I was always somewhat amazed that so much of the Republican establishment clung to Trump, and didn’t follow the pattern they set with GW, who disappeared down the memory hole on January 21, 2013. After all, they got what they wanted from him, as the Supreme Court proves on a daily basis.

Perhaps the internet makes that impossible, as there are so many different sources of “information” to which the whackjobs can turn if they aren’t fed red meat from the usual sources. Still, it makes sense from a tactical point of view for them to ditch Trump and find another fascist they can sell to the ever gullible American people.

The court will find a way

When I first read this column from the New York Times I thought: Hey, this is great:

What a week so far for conservatives. On Tuesday, the Supreme Court struck down a Maine law that prohibited religious private schools from receiving taxpayer dollars. And on Thursday, it invalidated a New York State gun safety law limiting the public carry of firearms. The outcome in these cases was not surprising.
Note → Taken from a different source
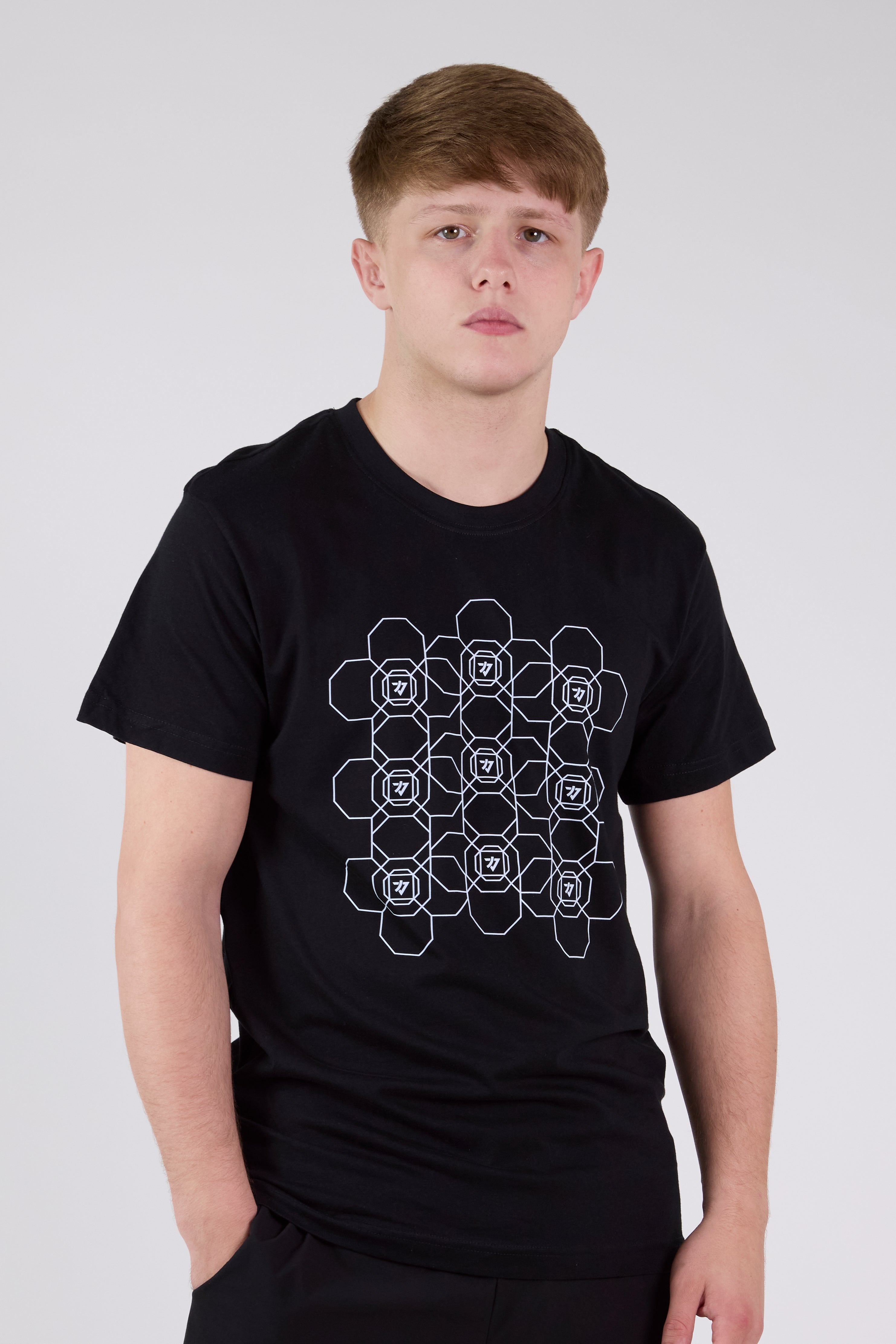 Normal Fit Geo T-Shirt Black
The court has ruled in favor of religious litigants in an overwhelming number of cases, and the gun case’s outcome was clear from the oral argument before the justices in November.

What is surprising is how little the 6-to-3 decision in the Maine case, Carson v. Makin, will matter practically. And the reason offers a glimpse of hope for those who worry about a future dominated by the court’s conservative supermajority — including the many Americans troubled by the court’s decision in the gun case, New York State Rifle and Pistol Association v. Bruen.

Let’s start with the Carson case. Anticipating this week’s decision, Maine lawmakers enacted a crucial amendment to the state’s anti-discrimination law last year in order to counteract the expected ruling. The revised law forbids discrimination based on gender identity and sexual orientation, and it applies to every private school that chooses to accept public funds, without regard to religious affiliation.

The writer, a law professor named Aaron Tang, goes on to argue that the recent gun decision can also be worked around by crafty blue state legislatures.

Sounds good, but then I remembered this:

The U.S. Supreme Court on Thursday sided with Catholic Social Services in a battle that pitted religious freedom against anti-discrimination laws in Philadelphia and across the country. The court declared that the private Catholic agency was entitled to renewal of its contract with the city for screening foster parents, even though the agency violated city law by refusing to consider married LGBTQ couples.

At issue was a decision by the city of Philadelphia to end its contract with Catholic Social Services for screening potential foster care parents. CSS challenged the termination in court, citing its religious belief that same-sex marriage is wrong, and maintaining that ending the contract violated its First Amendment right to the free exercise of religion.

I should note here that even the liberal judges joined in part of this decision, but that’s incidental. So, when the Maine law is challenged, as I’m sure it will be, it will be overturned.

The Supreme Court will find a way to get around any attempts to get around its goal of letting religious groups do whatever they want at taxpayer expense, provided, of course, that those religious groups are of a Christian persuasion. It will be interesting to see how they ultimately explain why their precedent doesn’t apply to Muslims, Rastafarians, or worshippers of the Flying Spaghetti Monster, but rest assured they’ll find a way.

As to Tang’s argument that the recent gun decision leaves open a few approaches such as legislatively enacting “an expansive list of so-called sensitive spaces” in which the court recognized firearms have been historically limited, rest assured that the court will restrict such sensitive spaces at its earliest convenience, with the only space that is clearly sensitive being the Supreme Court Building.

This is not the first court that has twisted the words of the constitution to suit its political agenda, but I think it’s safe to say that those words have never been so severely twisted.